══ INFORMATION PROVIDED

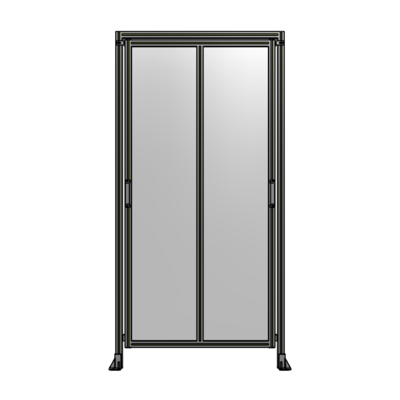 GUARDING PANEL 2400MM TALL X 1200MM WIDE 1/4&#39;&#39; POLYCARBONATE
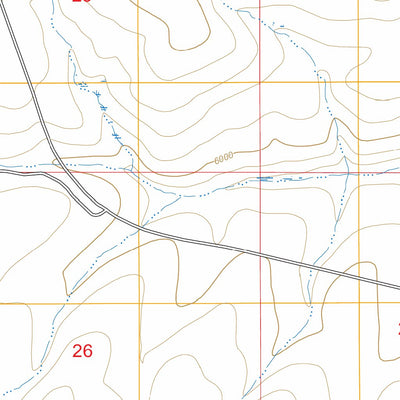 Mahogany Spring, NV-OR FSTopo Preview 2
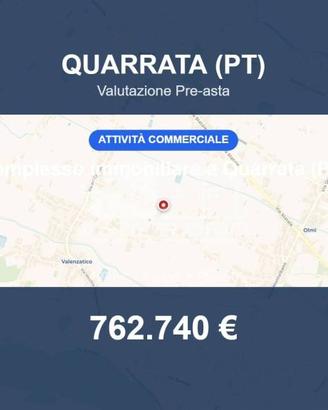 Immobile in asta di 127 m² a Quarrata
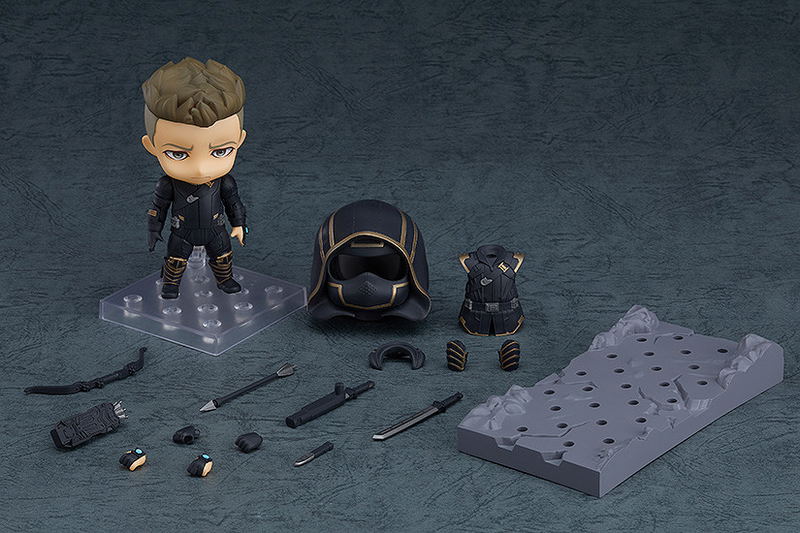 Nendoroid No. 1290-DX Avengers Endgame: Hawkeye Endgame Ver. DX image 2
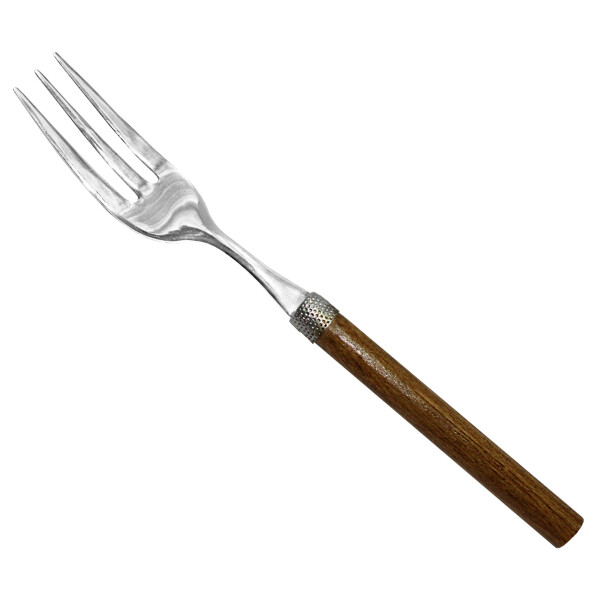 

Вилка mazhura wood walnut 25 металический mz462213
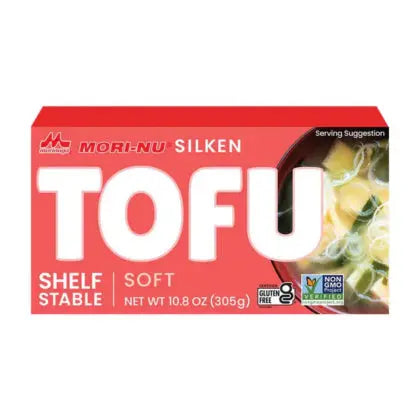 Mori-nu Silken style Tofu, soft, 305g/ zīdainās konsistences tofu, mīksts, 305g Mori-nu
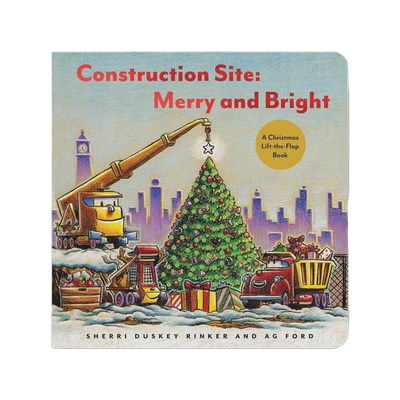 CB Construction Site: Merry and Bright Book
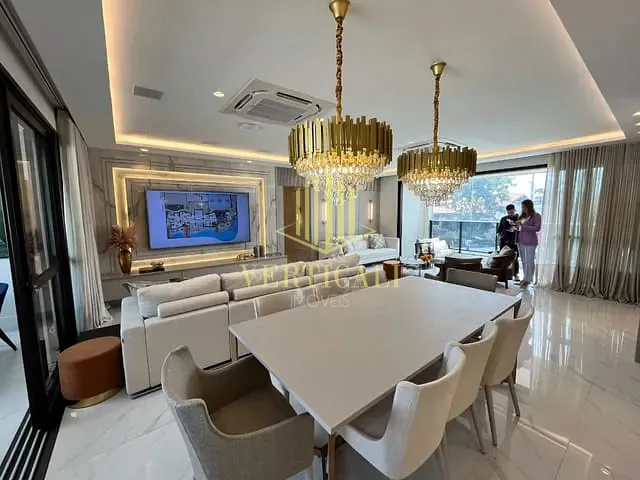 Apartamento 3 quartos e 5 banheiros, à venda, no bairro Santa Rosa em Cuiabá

════

■ WORK TASK: The answer must be an exact transcription of the lines from the one containing "Nendoroid No. 1290-DX" through the last line of the records above, both included, with no pictures.

■ ANSWER FOR THIS EXERCISE:
 Nendoroid No. 1290-DX Avengers Endgame: Hawkeye Endgame Ver. DX image 2

Вилка mazhura wood walnut 25 металический mz462213
 Mori-nu Silken style Tofu, soft, 305g/ zīdainās konsistences tofu, mīksts, 305g Mori-nu
 CB Construction Site: Merry and Bright Book
 Apartamento 3 quartos e 5 banheiros, à venda, no bairro Santa Rosa em Cuiabá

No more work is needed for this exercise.